Required work
Nothing other than the lines from the one containing "O que é injuriar" through the close of the entries below should be printed, each exactly.

=======

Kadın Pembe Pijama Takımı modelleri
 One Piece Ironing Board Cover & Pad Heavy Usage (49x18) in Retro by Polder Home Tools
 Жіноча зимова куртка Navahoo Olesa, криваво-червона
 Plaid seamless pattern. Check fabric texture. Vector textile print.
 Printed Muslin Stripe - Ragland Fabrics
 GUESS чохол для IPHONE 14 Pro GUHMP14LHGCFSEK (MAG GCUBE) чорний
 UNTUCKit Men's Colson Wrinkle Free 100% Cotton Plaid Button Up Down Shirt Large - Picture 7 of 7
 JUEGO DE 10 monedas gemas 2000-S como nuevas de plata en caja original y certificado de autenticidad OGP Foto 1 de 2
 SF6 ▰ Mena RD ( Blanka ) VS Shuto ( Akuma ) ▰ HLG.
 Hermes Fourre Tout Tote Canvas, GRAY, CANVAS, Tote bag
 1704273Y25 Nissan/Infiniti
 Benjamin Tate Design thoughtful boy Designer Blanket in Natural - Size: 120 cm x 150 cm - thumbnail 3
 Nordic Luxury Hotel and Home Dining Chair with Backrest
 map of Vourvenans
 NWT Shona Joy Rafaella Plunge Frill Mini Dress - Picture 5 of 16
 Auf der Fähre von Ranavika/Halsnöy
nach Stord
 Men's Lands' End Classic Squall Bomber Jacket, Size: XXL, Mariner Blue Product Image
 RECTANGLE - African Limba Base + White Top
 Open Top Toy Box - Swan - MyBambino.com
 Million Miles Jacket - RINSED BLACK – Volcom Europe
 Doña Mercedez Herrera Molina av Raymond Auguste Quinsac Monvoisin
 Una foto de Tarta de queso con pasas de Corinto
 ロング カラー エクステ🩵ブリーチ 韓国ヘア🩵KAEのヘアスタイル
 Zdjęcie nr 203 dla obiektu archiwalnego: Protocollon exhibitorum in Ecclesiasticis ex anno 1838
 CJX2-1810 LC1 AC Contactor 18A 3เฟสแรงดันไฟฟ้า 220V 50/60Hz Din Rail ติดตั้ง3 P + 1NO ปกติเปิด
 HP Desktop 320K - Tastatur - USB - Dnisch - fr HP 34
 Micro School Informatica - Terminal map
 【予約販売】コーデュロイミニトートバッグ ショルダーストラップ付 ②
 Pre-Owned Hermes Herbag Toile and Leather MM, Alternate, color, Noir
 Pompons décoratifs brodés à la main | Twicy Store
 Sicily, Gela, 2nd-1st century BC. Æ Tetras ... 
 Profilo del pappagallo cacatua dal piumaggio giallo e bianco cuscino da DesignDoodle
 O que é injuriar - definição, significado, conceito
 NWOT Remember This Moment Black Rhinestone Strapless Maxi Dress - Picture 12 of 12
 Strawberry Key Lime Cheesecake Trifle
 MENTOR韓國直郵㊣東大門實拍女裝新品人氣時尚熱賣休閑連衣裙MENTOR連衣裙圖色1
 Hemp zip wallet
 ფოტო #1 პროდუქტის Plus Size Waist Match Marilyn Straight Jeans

=======

Answer below
 O que é injuriar - definição, significado, conceito
 NWOT Remember This Moment Black Rhinestone Strapless Maxi Dress - Picture 12 of 12
 Strawberry Key Lime Cheesecake Trifle
 MENTOR韓國直郵㊣東大門實拍女裝新品人氣時尚熱賣休閑連衣裙MENTOR連衣裙圖色1
 Hemp zip wallet
 ფოტო #1 პროდუქტის Plus Size Waist Match Marilyn Straight Jeans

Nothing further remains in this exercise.